Workflow Driven Private Market Liquidity

Diving deeper into

Alex Johnson, co-founder & CEO of Velvet, on vertical AI for venture capital

Interview
my idea of a liquidity-focused agent is one that could actually suggest both demand and supply across a proprietary dataset
Analyzed 5 sources

The real wedge is not better matching logic, it is owning the daily workflow data that reveals who wants what before anyone formally comes to market. Velvet is trying to sit upstream of the transaction, where investors read decks, draft memos, track theses, and update CRM records. If that behavior lives inside one private workspace, an agent can infer likely buyers, sellers, co investors, and secondary interest without exposing raw firm data.

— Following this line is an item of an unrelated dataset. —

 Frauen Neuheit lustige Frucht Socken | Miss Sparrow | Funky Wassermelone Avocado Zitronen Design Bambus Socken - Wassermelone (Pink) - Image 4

  • This works only if the product is used every day. The interview frames the terminal model clearly, research, data, participants, and workflow in one place. That is why the analyst product comes before the liquidity layer. The software captures the signals, then the network can suggest matches through double opt in.
  • The closest precedent is private market infrastructure players buying data exhaust. J.P. Morgan bought Aumni for venture analytics and document data, and BlackRock bought Preqin for private markets data and relationships. The pattern says proprietary workflow and market data can become more valuable than a point solution for a single transaction.
  • It also explains the emphasis on privacy and conflict controls. Carta had the ownership ledger but struggled to turn that into a trusted exchange workflow. Velvet's model is to keep each fund in a sandboxed environment, then let agents suggest connections only when both sides choose to engage, which is closer to liquidity discovery than price discovery.

If this model works, private market liquidity will shift from broker led searching to software led discovery. The winners will be the platforms that see investor behavior earliest, turn it into useful intent signals, and route those signals into secondaries, syndicates, and co investments without breaking trust. That is how an AI analyst can expand into a market access layer.